• **WHAT NEEDS TO BE DONE**
Would you repeat each line below precisely as it stands?

(Brief descriptive captions)
+++
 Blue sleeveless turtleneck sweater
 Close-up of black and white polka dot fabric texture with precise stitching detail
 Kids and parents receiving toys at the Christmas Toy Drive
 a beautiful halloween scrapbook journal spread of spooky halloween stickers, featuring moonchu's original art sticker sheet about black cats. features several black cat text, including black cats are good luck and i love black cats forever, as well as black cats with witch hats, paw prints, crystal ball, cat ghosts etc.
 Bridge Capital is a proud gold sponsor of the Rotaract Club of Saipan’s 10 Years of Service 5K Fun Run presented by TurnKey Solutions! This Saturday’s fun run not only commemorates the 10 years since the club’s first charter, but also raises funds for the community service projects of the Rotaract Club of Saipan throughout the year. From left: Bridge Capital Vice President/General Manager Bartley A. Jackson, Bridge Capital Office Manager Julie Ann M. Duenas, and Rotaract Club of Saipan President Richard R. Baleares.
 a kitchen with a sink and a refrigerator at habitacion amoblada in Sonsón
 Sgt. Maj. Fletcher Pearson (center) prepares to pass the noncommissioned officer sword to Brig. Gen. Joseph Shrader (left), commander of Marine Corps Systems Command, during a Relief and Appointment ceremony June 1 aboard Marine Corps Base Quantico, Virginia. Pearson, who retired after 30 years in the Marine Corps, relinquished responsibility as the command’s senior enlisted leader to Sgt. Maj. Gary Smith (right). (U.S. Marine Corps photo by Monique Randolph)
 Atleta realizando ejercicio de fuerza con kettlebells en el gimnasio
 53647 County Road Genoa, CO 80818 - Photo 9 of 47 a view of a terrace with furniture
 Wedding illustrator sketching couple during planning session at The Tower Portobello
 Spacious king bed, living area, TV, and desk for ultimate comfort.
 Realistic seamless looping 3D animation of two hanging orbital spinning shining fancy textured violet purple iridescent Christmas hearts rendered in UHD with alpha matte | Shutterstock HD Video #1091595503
+++
• **RESULT FOR THIS EXERCISE**
 Blue sleeveless turtleneck sweater
 Close-up of black and white polka dot fabric texture with precise stitching detail
 Kids and parents receiving toys at the Christmas Toy Drive
 a beautiful halloween scrapbook journal spread of spooky halloween stickers, featuring moonchu's original art sticker sheet about black cats. features several black cat text, including black cats are good luck and i love black cats forever, as well as black cats with witch hats, paw prints, crystal ball, cat ghosts etc.
 Bridge Capital is a proud gold sponsor of the Rotaract Club of Saipan’s 10 Years of Service 5K Fun Run presented by TurnKey Solutions! This Saturday’s fun run not only commemorates the 10 years since the club’s first charter, but also raises funds for the community service projects of the Rotaract Club of Saipan throughout the year. From left: Bridge Capital Vice President/General Manager Bartley A. Jackson, Bridge Capital Office Manager Julie Ann M. Duenas, and Rotaract Club of Saipan President Richard R. Baleares.
 a kitchen with a sink and a refrigerator at habitacion amoblada in Sonsón
 Sgt. Maj. Fletcher Pearson (center) prepares to pass the noncommissioned officer sword to Brig. Gen. Joseph Shrader (left), commander of Marine Corps Systems Command, during a Relief and Appointment ceremony June 1 aboard Marine Corps Base Quantico, Virginia. Pearson, who retired after 30 years in the Marine Corps, relinquished responsibility as the command’s senior enlisted leader to Sgt. Maj. Gary Smith (right). (U.S. Marine Corps photo by Monique Randolph)
 Atleta realizando ejercicio de fuerza con kettlebells en el gimnasio
 53647 County Road Genoa, CO 80818 - Photo 9 of 47 a view of a terrace with furniture
 Wedding illustrator sketching couple during planning session at The Tower Portobello
 Spacious king bed, living area, TV, and desk for ultimate comfort.
 Realistic seamless looping 3D animation of two hanging orbital spinning shining fancy textured violet purple iridescent Christmas hearts rendered in UHD with alpha matte | Shutterstock HD Video #1091595503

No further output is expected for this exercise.